N'ignorant pas ces choses, quand tu approches de Dieu, n'oublie pas, ô homme, à qui tu parle. Pour exciter ta vigilance, il suffit que tu te souvienne, en effet, de celui qui doit t'accorder sa grâce. Porte tes yeux vers le ciel, et que la foi te rende présent le Dieu qui t'écoute. Quand tu abordes un homme revêtu de quelque dignité, n'importe laquelle, serais-tu du caractère le plus insouciant, toutes tes facultés sont aussitôt éveillées, ton âme est là tout entière: combien plus, en pensant que nous allons parler au souverain Maître des anges, puiserons-nous dans cette pensée une vive et profonde attention? S'il faut t'indiquer une autre voie pour secouer ta torpeur, je consens à te la dire. La prière finie, nous nous apercevons fréquemment que nous n'avons rien entendu de ce que nous venons de dire. Dans ce cas, reprenons aussitôt notre prière; et, si la même chose nous arrive encore, reprenons-la trois et quatre fois, s'il le faut, et ne la quittons pas que nous ne l'ayons faite tout entière avec un esprit attentif. Dès que le démon verra cette persévérance et cette énergie, il cessera de nous tendre ses embûches, sachant désormais qu'il n'obtient d'autre résultat que de nous obliger à redire plusieurs fois notre prière. Nous recevons, mes bien-aimés, de nombreuses blessures, soit de la part de la famille, soit de la part des étrangers, dans notre maison et sur le marché, dans les affaires publiques et privées, de la part des voisins et des amis.

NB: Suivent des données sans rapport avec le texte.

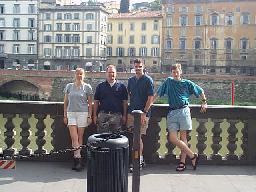 Tamara, Randy, Chris and Forrest in front of the Arno (the Uffizi is behind me).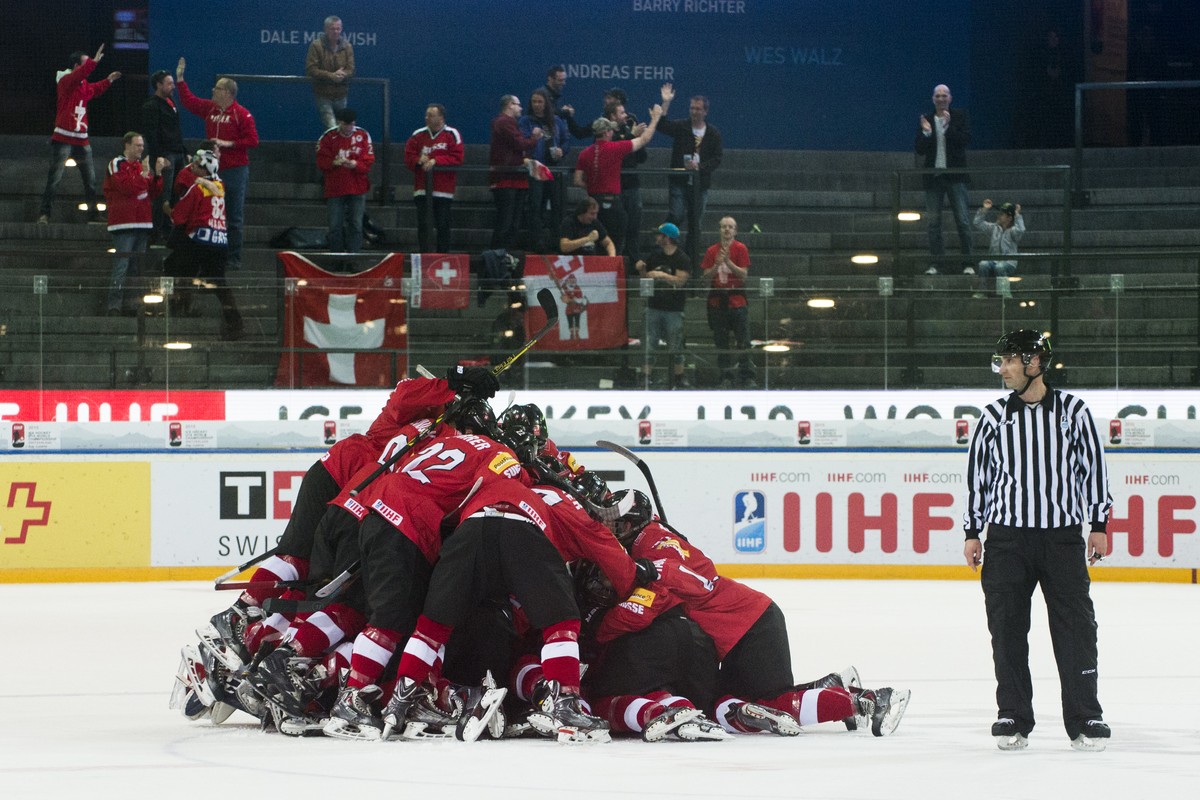 Denis Malgin wird nach seinem Overtime-Tor von den Teamkameraden «gehügelt».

Portons remède à toutes ces blessures dans le temps de la prière. Si nous allons à Dieu d'un coeur ardent et sincère, avec autant d'attention que de ferveur, en Lui demandant pardon de nos fautes, Il nous accordera pleinement ce pardon. Puissions-nous tous l'obtenir par la grâce et l'amour de notre Seigneur Jésus Christ, à qui gloire, en même temps qu'au Père et au saint Esprit, dans les siècles des siècles. Amen.